Segment Start: Task data
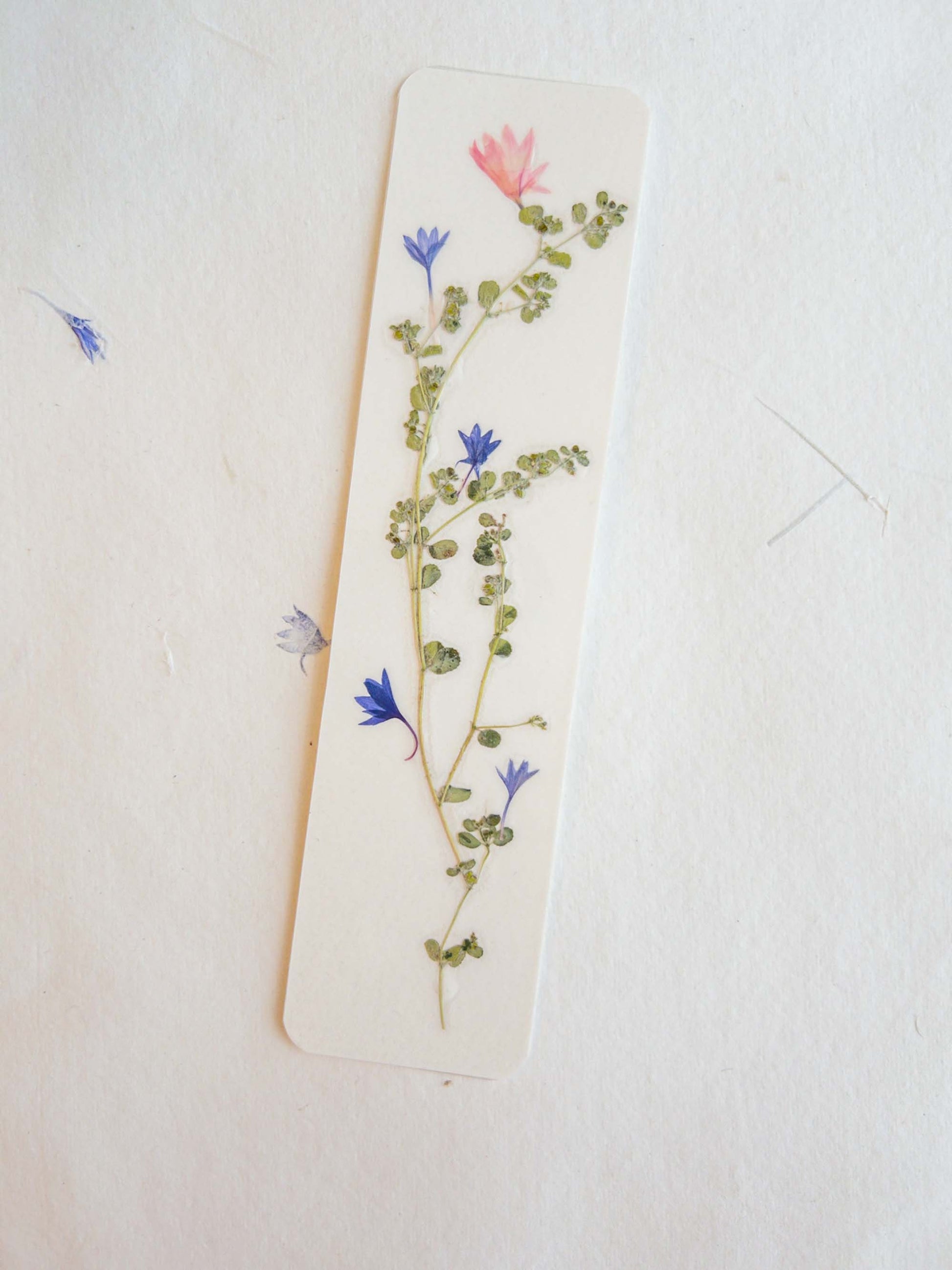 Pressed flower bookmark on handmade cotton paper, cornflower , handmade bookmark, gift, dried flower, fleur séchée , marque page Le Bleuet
Segment End: Task data
Segment Start: Task data
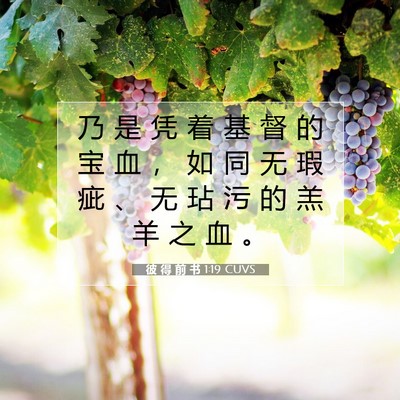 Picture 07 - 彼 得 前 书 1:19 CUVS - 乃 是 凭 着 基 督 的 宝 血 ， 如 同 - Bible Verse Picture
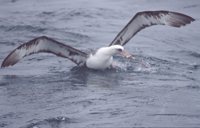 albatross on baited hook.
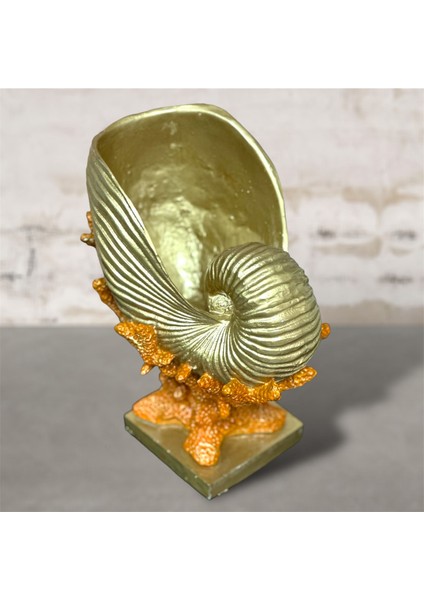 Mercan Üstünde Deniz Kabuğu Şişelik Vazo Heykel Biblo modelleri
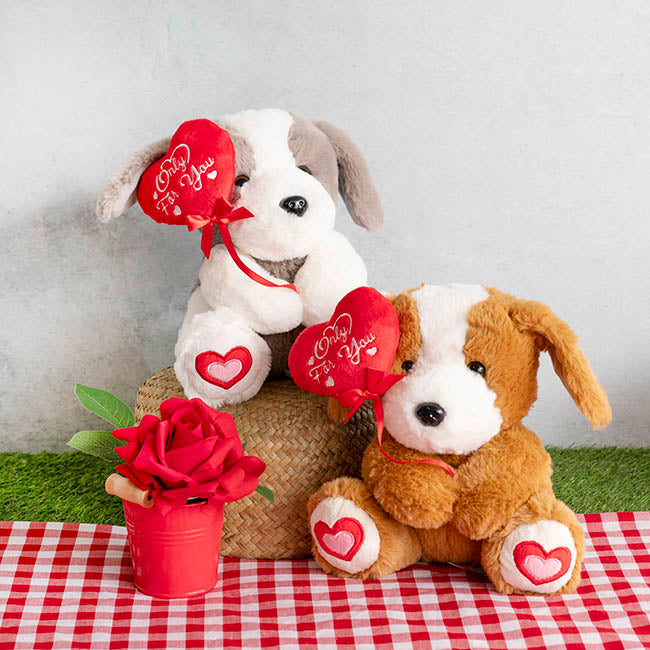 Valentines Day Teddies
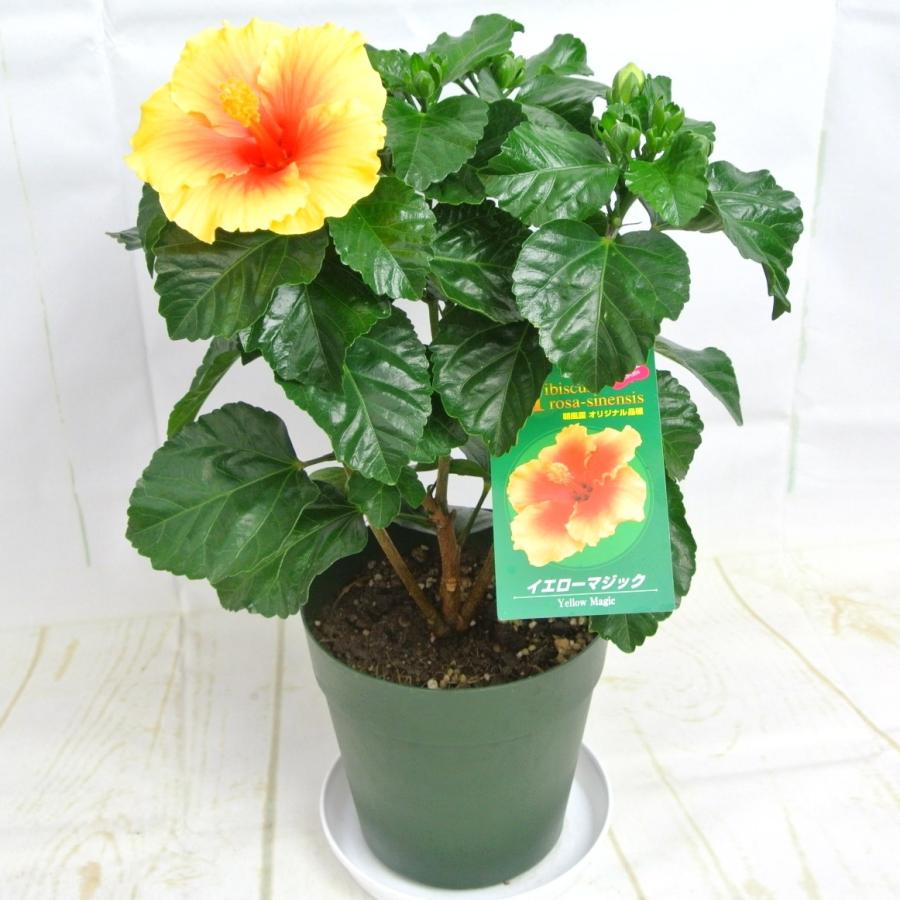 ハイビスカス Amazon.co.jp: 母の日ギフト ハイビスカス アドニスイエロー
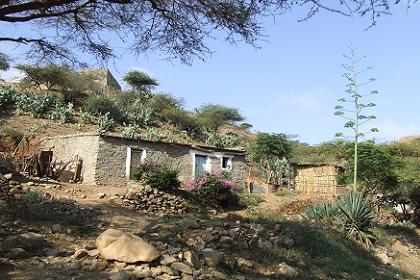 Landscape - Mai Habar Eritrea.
Segment End: Task data
» Problem description: In the listing above, find the line containing "Valentines Day Teddies" and the line containing "Landscape - Mai Habar Eritrea.". Reproduce those lines and all between them exactly, with no pictures and nothing more.

» Solved problem:
 Valentines Day Teddies
 ハイビスカス Amazon.co.jp: 母の日ギフト ハイビスカス アドニスイエロー
 Landscape - Mai Habar Eritrea.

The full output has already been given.